The next slide gives your ideas of additional resources. I didn't want to take any time from the other speakers so I kept this brief. There are a lot of resources out there. One of them is the Resource Center. We have a team of five of us around the country and we help people get projects done whether you are any kind of project sponsor. As long as you are doing an eligible project or we can help you to an eligible project, we are there to help you make it happen. We have on this side some information about TIFIA, and P3 (public private partnerships) because what I have given you is the “Cliff Notes” version of all these programs and I would be happy to provide you with additional detail. I am going to turn it back to Jennifer so she can have Tom come talk to us about the Northeast Ohio project.

J. Seplow:
Thank you, Jennifer. Again, I want to encourage everybody if they think of questions in during the presentation, type them in the chat area, send them to all participants and indicate to your question is for. Our next presenter is Sharon Banks of Cascade Sierra Solutions. I'm going to bring up your presentation and turn it over to you.

Sharon Banks:
Thanks, Jennifer. A lot of exciting things are going on here on the west coast. I'm with Cascade Sierra Solutions and we work on improving fuel economy and air quality on the I-5 corridor, which, if you are not from the West Coast, that goes from Mexico to the Canada border. I'm going to go a little bit over who we are, what we're trying to accomplish and what some of the barriers are and who our partners are, the concept of our showcase center, the product and the Everybody Wins lease. I will talk about risk and how we are covering our administrative costs and some of our progress and the locations where we are planning to implement outreach centers for the trucking industry.
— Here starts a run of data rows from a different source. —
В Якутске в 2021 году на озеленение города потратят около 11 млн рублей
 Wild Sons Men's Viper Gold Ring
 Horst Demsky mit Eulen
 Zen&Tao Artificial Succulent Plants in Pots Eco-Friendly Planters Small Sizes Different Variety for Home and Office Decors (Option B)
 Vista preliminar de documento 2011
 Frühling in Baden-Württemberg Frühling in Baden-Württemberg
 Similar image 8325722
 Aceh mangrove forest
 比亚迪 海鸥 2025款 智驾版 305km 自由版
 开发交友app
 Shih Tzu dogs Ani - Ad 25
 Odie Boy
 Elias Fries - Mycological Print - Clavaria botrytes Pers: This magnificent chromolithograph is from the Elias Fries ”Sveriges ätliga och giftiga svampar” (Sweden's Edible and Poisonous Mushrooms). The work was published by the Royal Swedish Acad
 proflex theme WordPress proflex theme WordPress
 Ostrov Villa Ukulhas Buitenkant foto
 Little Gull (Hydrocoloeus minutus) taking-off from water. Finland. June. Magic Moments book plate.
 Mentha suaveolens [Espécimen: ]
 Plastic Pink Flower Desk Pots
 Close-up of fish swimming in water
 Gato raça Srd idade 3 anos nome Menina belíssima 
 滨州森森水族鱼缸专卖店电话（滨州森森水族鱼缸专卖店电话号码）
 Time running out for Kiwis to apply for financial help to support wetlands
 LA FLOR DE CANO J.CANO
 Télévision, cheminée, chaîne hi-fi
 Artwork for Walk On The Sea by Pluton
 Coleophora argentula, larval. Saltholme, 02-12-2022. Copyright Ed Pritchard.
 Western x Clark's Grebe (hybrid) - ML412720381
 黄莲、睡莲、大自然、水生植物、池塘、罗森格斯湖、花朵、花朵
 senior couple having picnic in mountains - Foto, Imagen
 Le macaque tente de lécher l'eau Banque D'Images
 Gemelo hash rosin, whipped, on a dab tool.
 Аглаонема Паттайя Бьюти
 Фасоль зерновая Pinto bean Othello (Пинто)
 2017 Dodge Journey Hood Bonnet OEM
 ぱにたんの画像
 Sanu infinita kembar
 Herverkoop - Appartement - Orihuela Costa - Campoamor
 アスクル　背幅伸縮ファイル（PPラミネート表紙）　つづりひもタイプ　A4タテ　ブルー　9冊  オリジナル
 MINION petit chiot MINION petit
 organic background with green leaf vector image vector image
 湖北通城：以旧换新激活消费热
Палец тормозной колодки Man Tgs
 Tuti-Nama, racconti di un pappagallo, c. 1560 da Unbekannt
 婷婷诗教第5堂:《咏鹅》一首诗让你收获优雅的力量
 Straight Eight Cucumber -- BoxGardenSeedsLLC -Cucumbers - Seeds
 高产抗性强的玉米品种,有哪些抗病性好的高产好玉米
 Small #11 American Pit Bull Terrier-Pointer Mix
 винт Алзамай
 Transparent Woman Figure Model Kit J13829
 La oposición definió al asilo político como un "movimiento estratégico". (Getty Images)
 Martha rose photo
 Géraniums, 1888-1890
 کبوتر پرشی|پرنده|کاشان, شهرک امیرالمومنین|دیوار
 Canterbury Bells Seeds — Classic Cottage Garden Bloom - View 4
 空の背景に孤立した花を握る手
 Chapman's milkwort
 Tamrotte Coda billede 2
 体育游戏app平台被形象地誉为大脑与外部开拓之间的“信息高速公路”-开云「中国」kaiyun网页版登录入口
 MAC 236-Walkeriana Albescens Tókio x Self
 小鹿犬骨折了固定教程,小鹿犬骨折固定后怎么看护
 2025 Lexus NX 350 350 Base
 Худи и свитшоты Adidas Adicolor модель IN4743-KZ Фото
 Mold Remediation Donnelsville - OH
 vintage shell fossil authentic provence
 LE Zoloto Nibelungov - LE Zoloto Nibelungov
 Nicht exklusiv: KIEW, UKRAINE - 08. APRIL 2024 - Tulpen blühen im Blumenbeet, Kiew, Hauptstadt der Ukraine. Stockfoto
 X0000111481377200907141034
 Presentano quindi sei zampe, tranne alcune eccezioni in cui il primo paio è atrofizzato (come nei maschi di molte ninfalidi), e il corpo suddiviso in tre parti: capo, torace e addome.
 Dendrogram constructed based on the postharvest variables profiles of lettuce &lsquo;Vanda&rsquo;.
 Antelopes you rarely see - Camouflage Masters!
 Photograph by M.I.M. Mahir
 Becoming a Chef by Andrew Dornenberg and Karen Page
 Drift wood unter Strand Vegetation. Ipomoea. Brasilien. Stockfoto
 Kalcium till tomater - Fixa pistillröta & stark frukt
First of all, CSS is an organization that has a lot of public and private partners working together, we're interested in saving fuel, improving air quality and slowing down change. We are not a regulatory agency and we are not for profit. We coordinate all kinds of incentives for multiple states and the Federal government to help facilitate the implementation of smart way upgrade kits. We also have low-cost financing programs and we have trained technical people that serve the over-the-road trucking market. The slide that you see now is a picture of a truck with a Smart Way upgrade. It has a diesel exhaust retrofit, which can reduce emissions from diesel particulate matter anywhere from 20 percent up to 85%. And an automatic tire inflation system, which will save fuel by keeping the tires properly inflated. It saves tires and improves safety. We have aluminum wheels which can save about 1230 pounds off of the load, which means the truck can carry more freight, which means less loads. We have auxiliary power units, we have 12 different varieties of those. Anything from a really efficient heat pump that runs on a battery down to a regular diesel fired one that uses about 85% less fuel than idling the engine to a hybrid variety that includes a plug-in option with a diesel fired auxiliary power unit. Auxiliary power units are different from the generators. They do generate power, but they have an HVAC system so they can provide heating and cooling through the sleeper cab. The reason truck drivers idle is because they are uncomfortable with the ambient temperature that is in their cab. We have a whole variety of different solutions for aerodynamics and those are specifically tailored toward the type of truck and trailer combination. We have the new single-wide tires that can reduce, or help with fuel economy up to 7 or 8 percent.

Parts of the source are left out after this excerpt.